Ces écarts sont parfois inconnus et involontaires, mais parfois ils sont aussi créés consciemment. Dans l’industrie, les réservoirs de stockage sont parfois consciemment pourvus d’une inertisation à l'azote pour éviter les explosions. Cela signifie qu’on va « couler ou dilluer » un espace gazeux avec un gaz inerte pour, de la sorte, éliminer ainsi les gaz non désirés (comme l’oxygène dans ce cas-ci) d’un espace. Auparavant, le secteur alimentaire en faisait également usage. Pour une inertisation, on utilise souvent de l’azote, mais parfois aussi d’autres gaz inertes, tels que l’argon, qui en soi ne sont pas dangereux, mais qui impliquent un risque d’étouffement.
Pour connaître les compositions du gaz qui sont dangereuses pour une personne, le mesurage de la composition du gaz est une des procédures de sécurité élémentaires.
Détection du sulfure d’hydrogène
Le sulfure d’hydrogène a la même odeur que les œufs pourris. Le seuil de détection de l’odeur est très faible et est de 0,0005 ppm (ml/m3). La valeur limite pour l’exposition professionnelle, telle que décrite dans l’arrêté royal du 11 mars 2002 relatif aux agents chimiques au travail, est de 5 ppm et la valeur de courte durée de 15 minutes est de 10 ppm. Cela signifie que même dans de faibles concentrations, il est possible de sentir le gaz avec le nez.
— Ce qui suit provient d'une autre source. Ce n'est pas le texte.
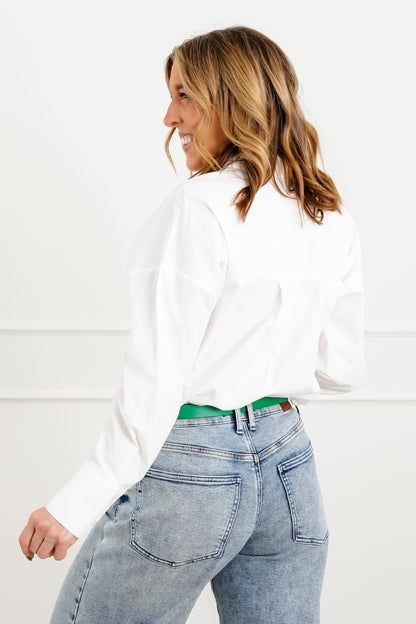 White Long Sleeve Button Up Blouse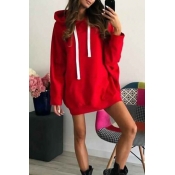 Casual Long Sleeves Red Modal Pullovers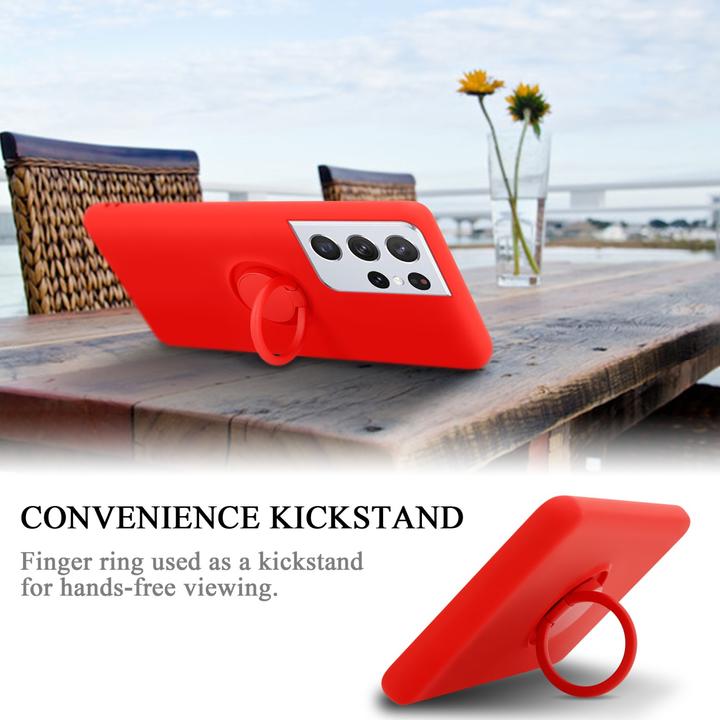 Productafbeelding Cadorabo TPU Vloeibare Ring Silicone Hoesje (Samsung Galaxy S22 Ultra)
Toutefois, notre organe olfactif ne peut pas faire la différence entre 0,05 ppm et 5 ppm et est vite saturé (après quelques inhalations nous ne nous en apercevons plus). Finalement, le nez est donc un conseiller particulièrement mauvais pour savoir si les concentrations perçues (ou pas) constituent un risque pour la santé.
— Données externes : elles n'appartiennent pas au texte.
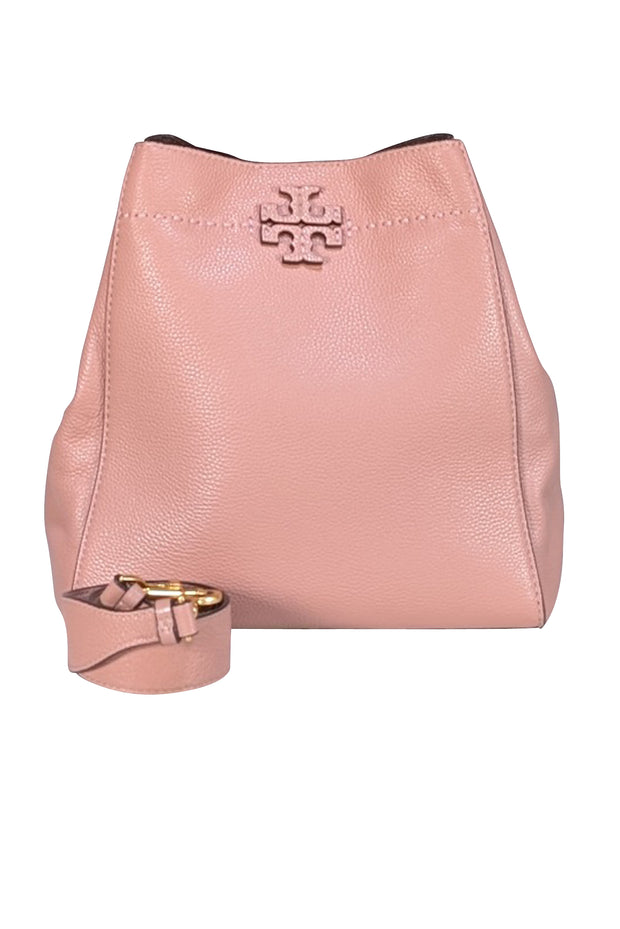 Tory Burch - Nude Pink Pebbled Leather Shoulder Bag - Current Boutique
De plus, le nez ne détecte absolument plus ce gaz dans des concentrations supérieures à 100 ppm. En cas d’exposition au-delà de 5 minutes à une concentration de 800 ppm, il y a une probabilité de décès de 50%. Sentir ou ne pas sentir peut donc donner un faux sentiment de sécurité.
Lors de l’introduction dans des espaces confinés, on ne doit donc pas uniquement mesurer le taux d’oxygène ou la concentration en vapeurs explosives avec un explosimètre/oxygénomètre combiné, mais il y a aussi des situations, telles que celles abordées ci-dessus, où d’autres vapeurs, comme l’oxyde de carbone (CO), le dioxyde de carbone (CO2), l’ammoniac (NH3), le sulfure d’hydrogène (H2S), etc. doivent être mesurées. Il existe des détecteurs de sulfure d’hydrogène pour mesurer ce dernier.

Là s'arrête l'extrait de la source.